**Exercise details**
Your copy should contain exactly the lines from the one that holds "logo-clinique-pour-tooth_1920px" through the end of the material, reproduced as written, with no pictures.
━━ Source data
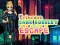 Princess Bank Robbery Escape — free online game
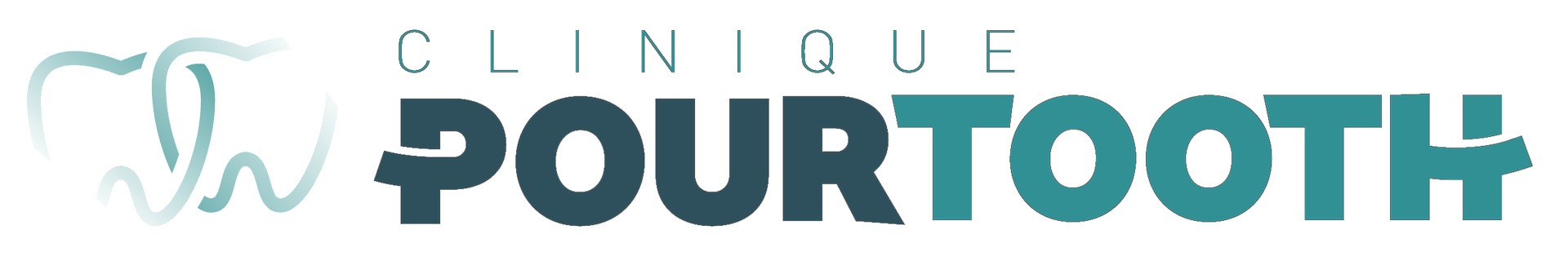 logo-clinique-pour-tooth_1920px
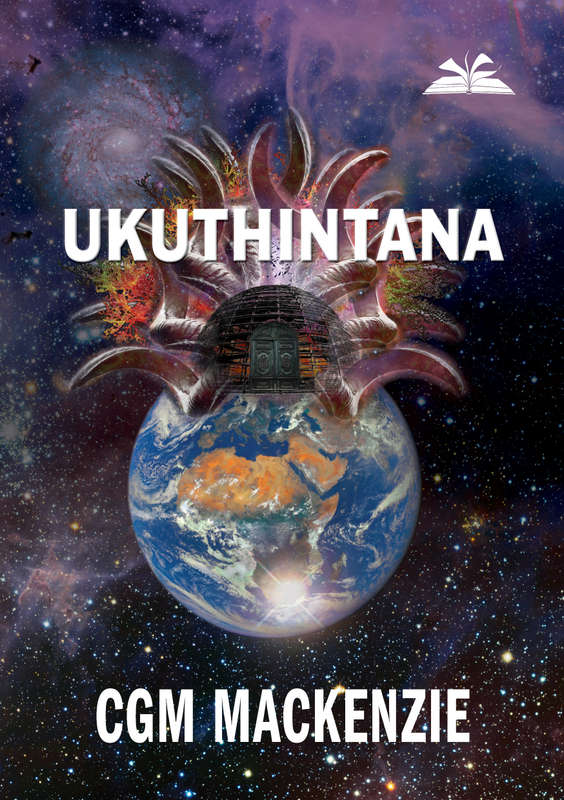 UKUTHINTANA - MCKENZIE,CGM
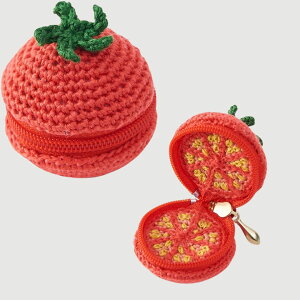 hイŕ҂ނȃ|[`(j҂) ҂ݕLbg VA Vi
━━━━
**Task answer**
 logo-clinique-pour-tooth_1920px
 UKUTHINTANA - MCKENZIE,CGM
 hイŕ҂ނȃ|[`(j҂) ҂ݕLbg VA Vi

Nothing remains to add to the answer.